History

Vanuatu
- Name: Transocean John Shaw
- Owner: Transocean
- Operator: Transocean
- Port of registry: Vanuatu
- Builder: Mitsui Engineering & Shipbuilding Ltd; Chiba, Chiba, Japan;
- Completed: 1982
- Identification: Call sign: 3EDT9; DNV ID: 13097; IMO number: 8752025;
- Fate: Scrapped 2016

General characteristics
- Class & type: Det Norske Veritas; + 1A1, Column stabilised Unit;
- Tonnage: 15,425 GT; 4,627 NT
- Length: 281 ft (86 m)
- Beam: 212 ft (65 m)
- Draught: Operating: 70 ft (21 m); Transit: 24 ft (7.3 m);
- Depth: 116 ft (35 m)
- Crew: 115

= Transocean John Shaw =

Semi-submersible drilling rig

Transocean John Shaw was a semi-submersible drilling rig designed by Friede & Goldman as a self-propelled modified & enhanced pacesetter, built and delivered in 1982 by Mitsui Engineering & Shipbuilding Ltd. in Japan.

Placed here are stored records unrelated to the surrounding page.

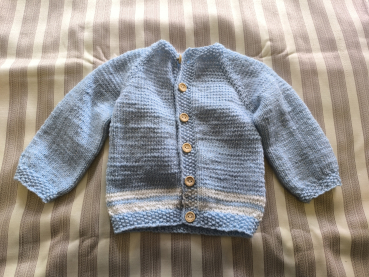Strickjacke hellblau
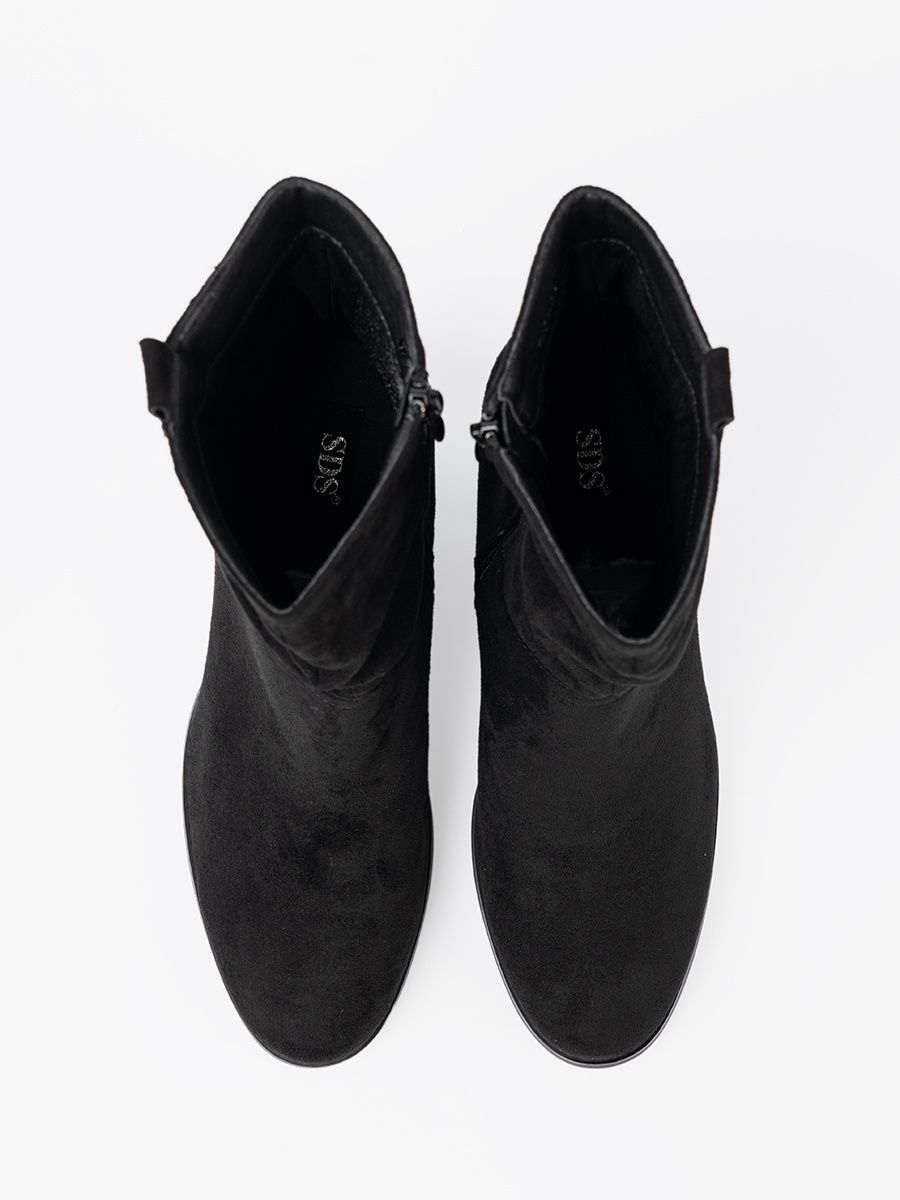 Stivaletti neri in suede con tacco a blocco e gambale arricciato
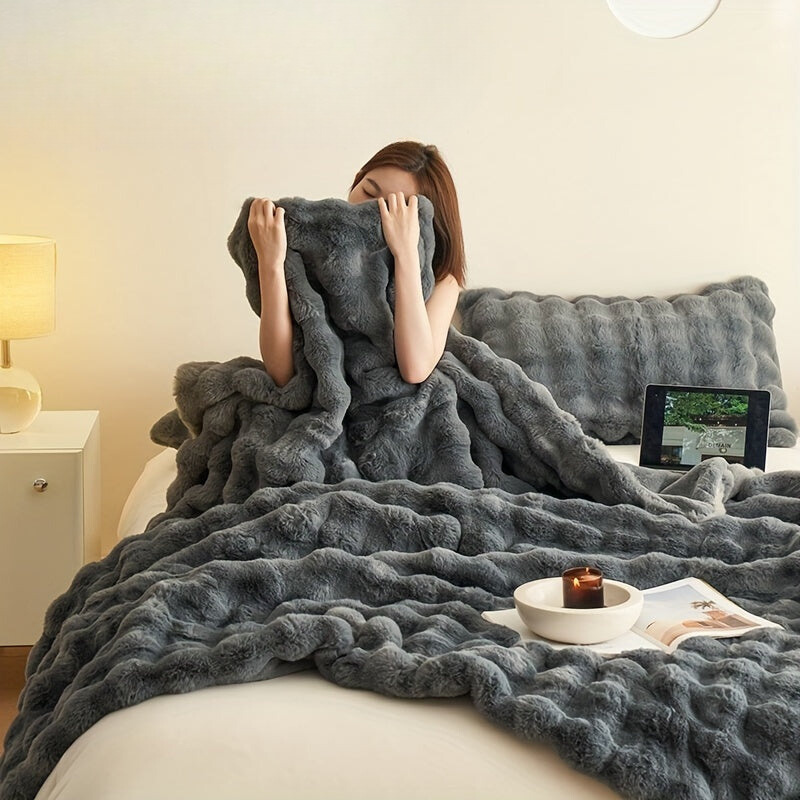 Double-Sided Fleece Blanket – Soft, Warm & Stylish for All Seasons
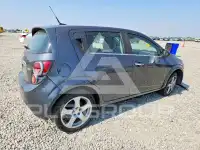 2013 Chevrolet Sonic фото
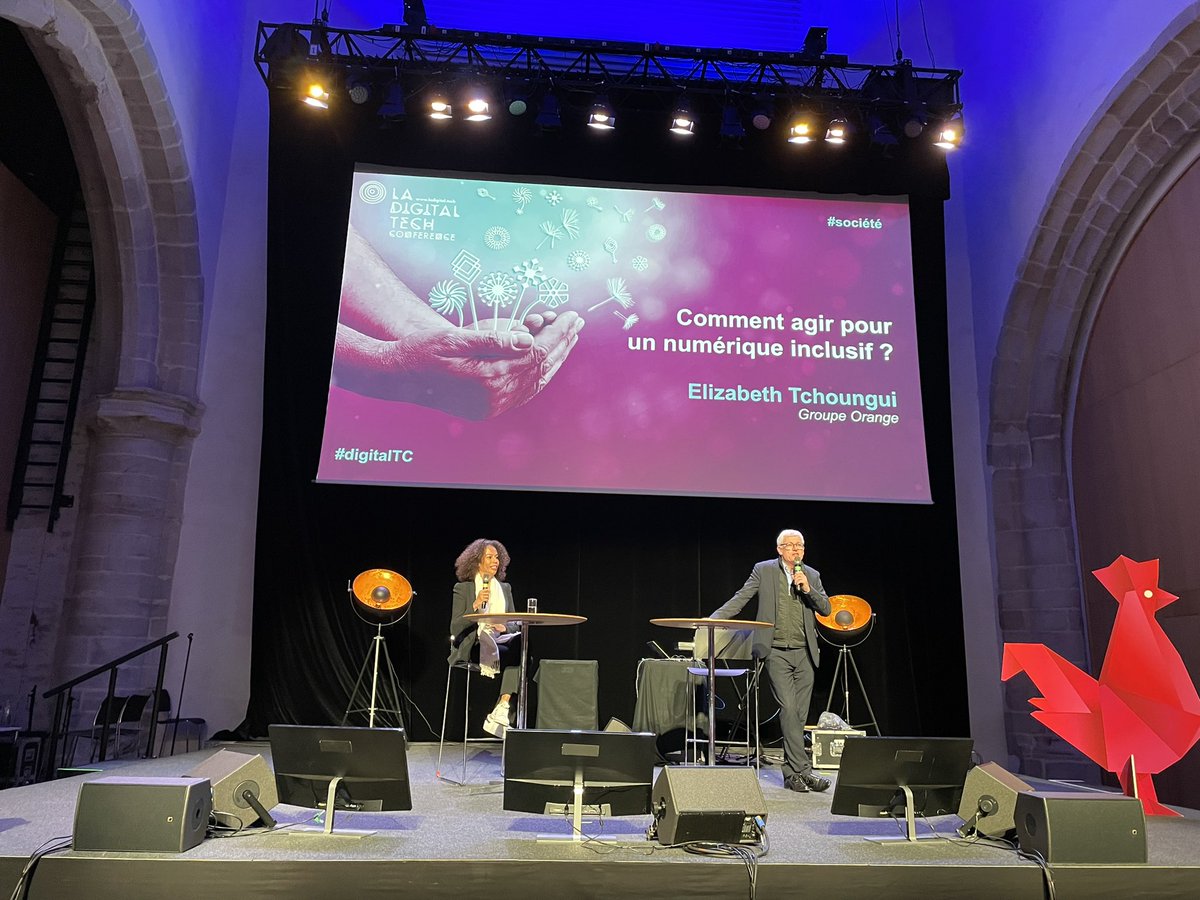 VincentMarcatte's tweet image. #DigitalTechConference L’innovation vertueuse pour @orange  ? @etchoungui s’appuie sur un cadre qui est la théorie du donut de Kate Raworth et aussi sur « un travail de dentelle pour ne laisser personne sur le bord de la route » 🙏 @OrangeBretagne @Orange_Future @OrangeRSE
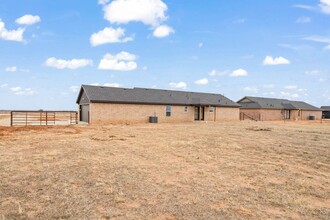 10609 N County Rd 2800 in Lubbock, TX - Building Photo - Building Photo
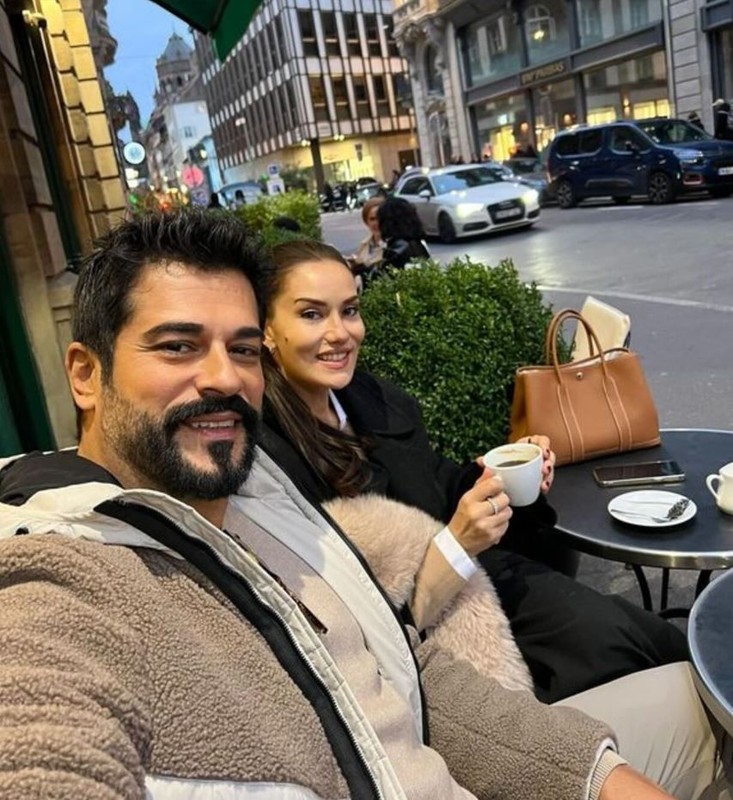 Fahriye Evcen ile Burak Özçivit aşka geldi! Moskova tatilinden paylaştılar - Resim: 4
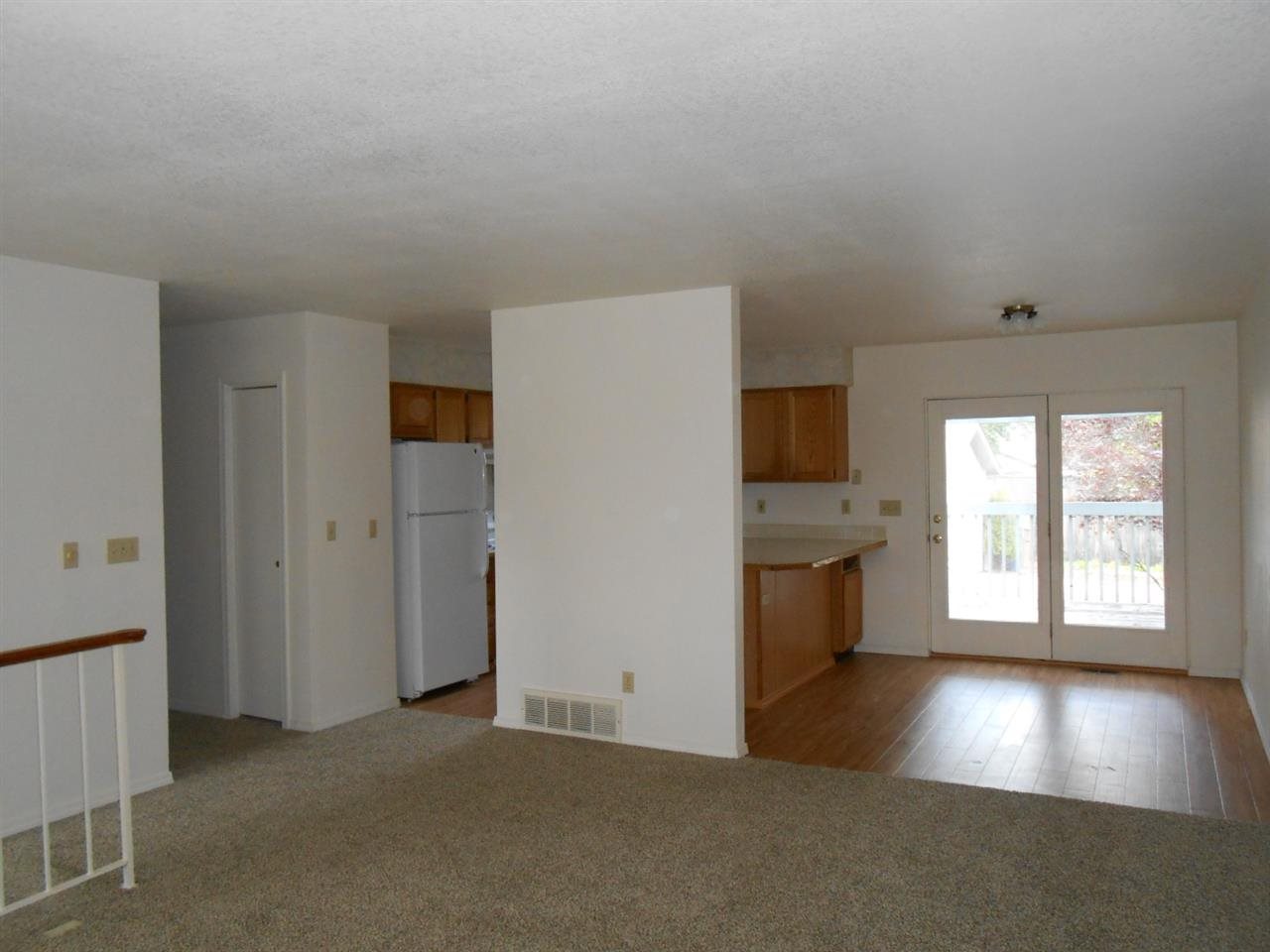 3527 E 32nd Ave - Photo 3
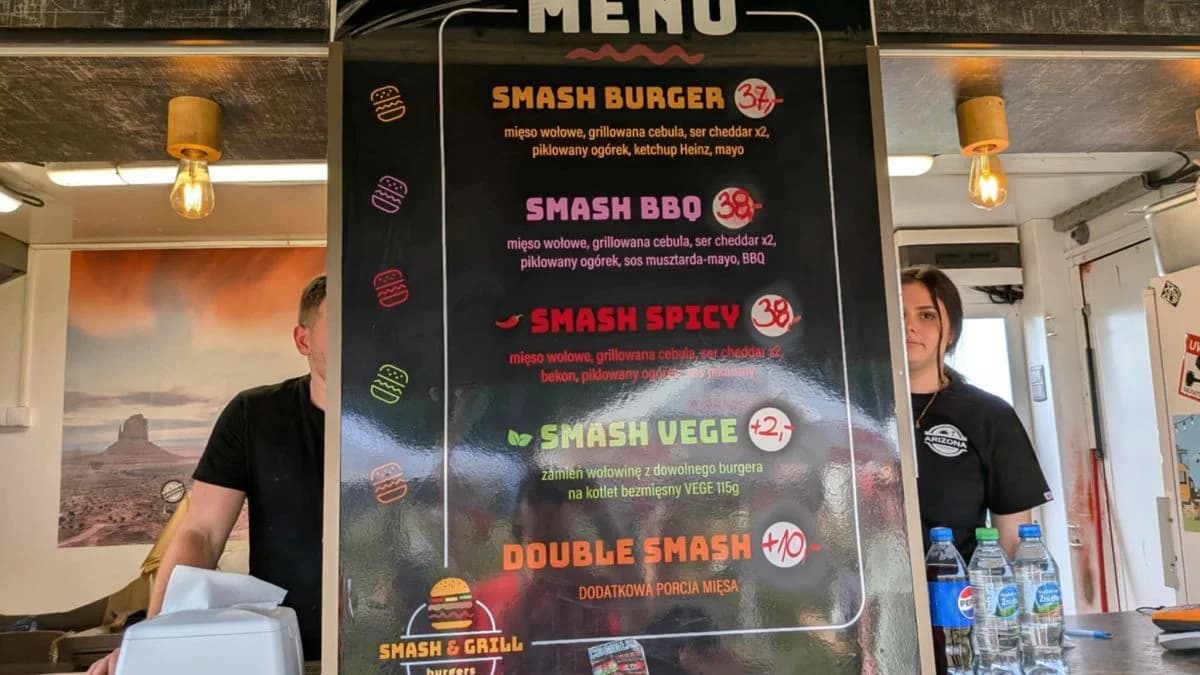 Stoisko ze smash burgerami w strefie gastronomicznej na Jarocin Festiwal 2025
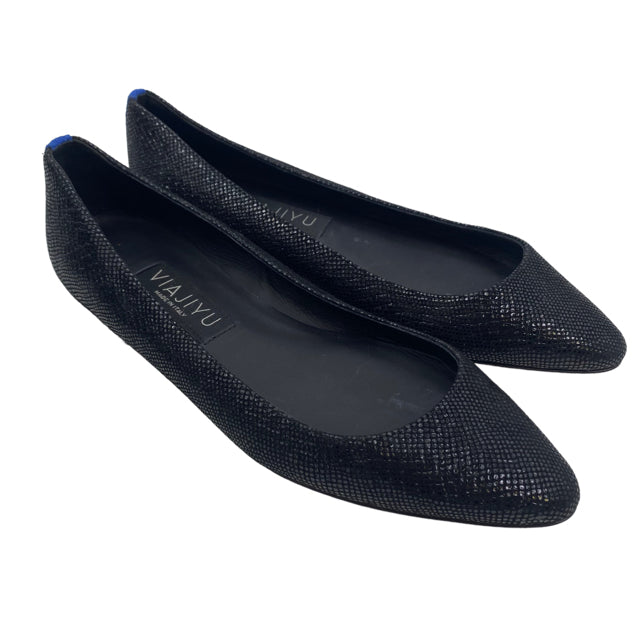 VIAJIYU Size 37 Black/Blue Flats Metallic Leather NWOT SHOE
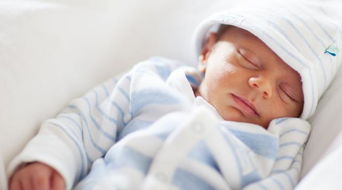 刚出生的婴儿需要抹护肤品吗,新生儿需要用护肤品吗？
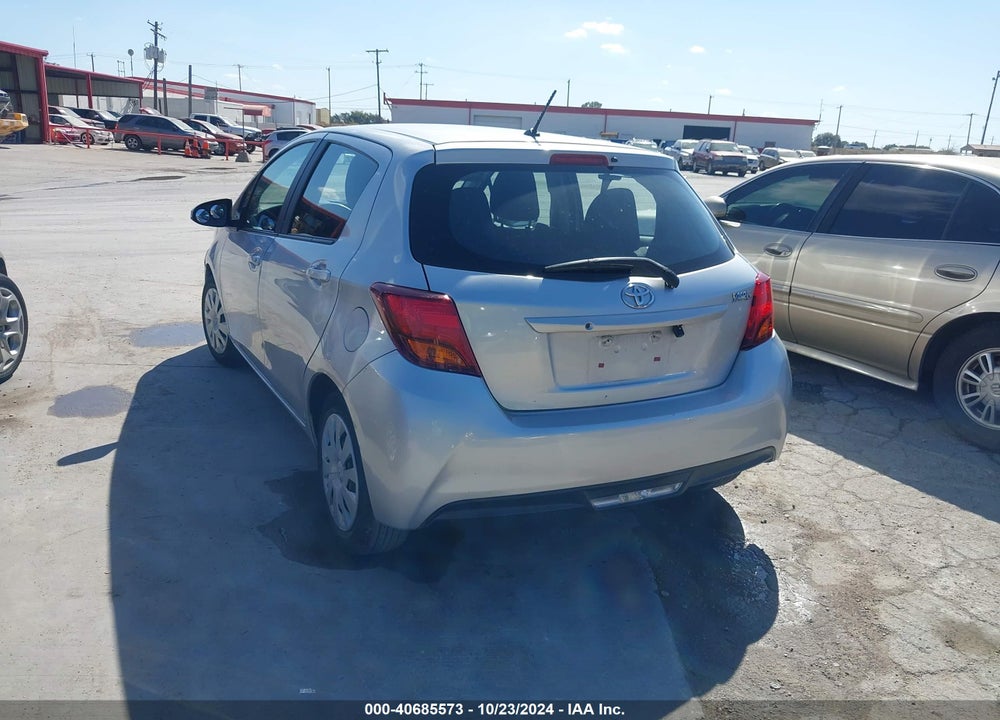 2017 TOYOTA YARIS L VIN: VNKKTUD30HA085169
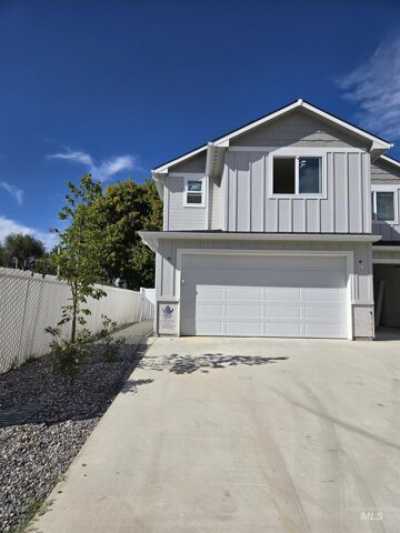 Home For Sale in Fruitland, Idaho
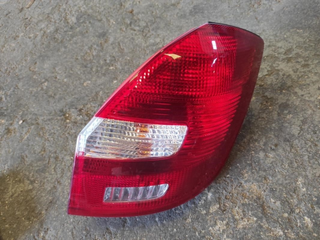 Piloto trasero derecho Skoda Fabia II (Versi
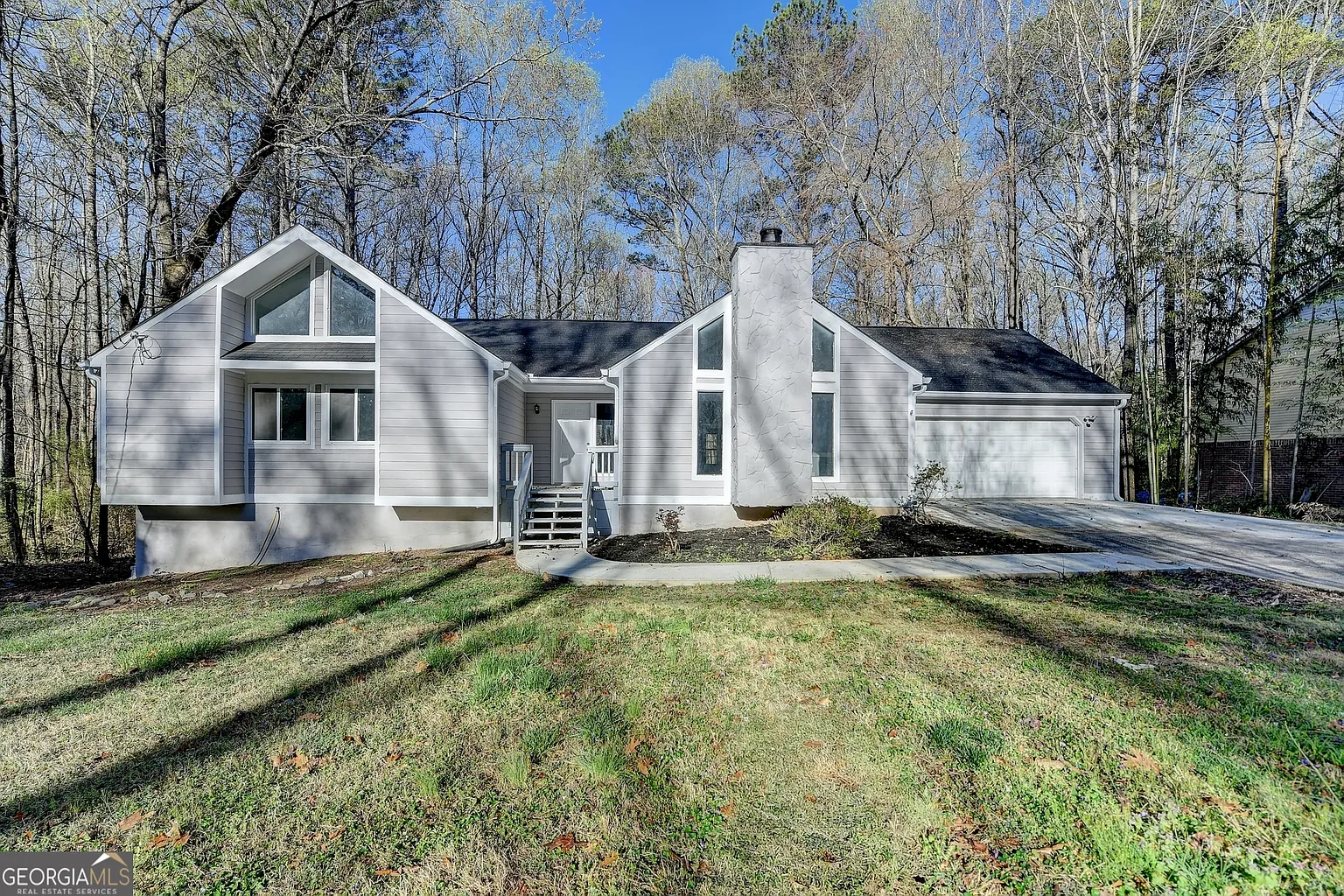 190 Saratoga Dr photo 1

The Panama-convenience flagged vessel was designed and outfitted to operate in harsh environments. The rig was capable of operations at water depths up to 1800 ft and drilling down to approximately 25000 ft using an 18.77 in, 10,000 PSI blowout preventer (BOP), and a 21 in outside diameter (OD) marine riser.

The rig was named after John S. Shaw, former chairman of Birmingham, Alabama-based Sonat Inc. Sonat spun off its offshore division as Sonat Offshore in 1993, and it changed its name to Transocean in 1996. In January 2016, it was decided to scrap the rig, and after a period berthed at Invergordon, Scotland, it departed, under tow, for Aliaga, Turkey on 19 April 2016.